I just kept noticing them — they weren’t hard to miss because they were all over town. A part of me while I was filming them thought to myself, “This is so fucking cheesy, Bing, people are going to laugh at these.” I was much more excited by and spent more time hunting down empty skate spots that looked visually interesting. But the billboards seemed to please audiences — they were on-the-nose and sort of tacky in a way that only could’ve worked in a documentary, in that stranger-than-fiction sort of way.
But there’s a reason why those billboards are around town, why there was funding to post those up all over Rockford. It was, and still is, a popularly touted solution to many societal ills. But the reality is that many times it’s just not feasible. Minding the Gap from the outset was meant to look at coming-of-age when having a good father isn’t an option.
You said earlier that you enjoy being a therapist to your friends. What do you get out of that? Does it help your ego?
I like knowing that other people are sensitive, too. We live in a world that’s so logical, sensible and practical — I operate on a much more emotional level, and so, it makes me feel less alone, you know? Also, it feels good helping people and knowing it’s possible for them to grow emotionally. I don’t know if it makes my ego bigger, because I don’t feel like… it’s not like I’m doing it in front of other people. [laughs] I’m not, like, bragging about it. But I will say this: I do feel good when I hear a friend tell another friend, “Oh, Bing’s a really good listener.”

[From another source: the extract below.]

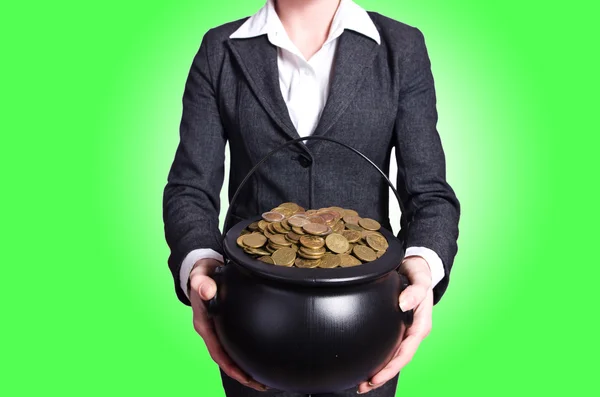 Woman holding pot of gold coins — Stock Photo, Image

Do you skateboard much anymore?
Not as much as I used to. I’m in New York right now, and I skated last night with my friends for 45 minutes. It’s hard to find time to do it, but it’s still such a spiritual, grounding reset button. It feels nice to be on the ground level of the grime and the grit of a city that I wouldn’t otherwise have access to. I’m just like skating with friends, and a homeless person walks by and we have an interaction — he’ll say, “Do a kickflip,” and I’ll do one. I think I’m going to be skating for years to come.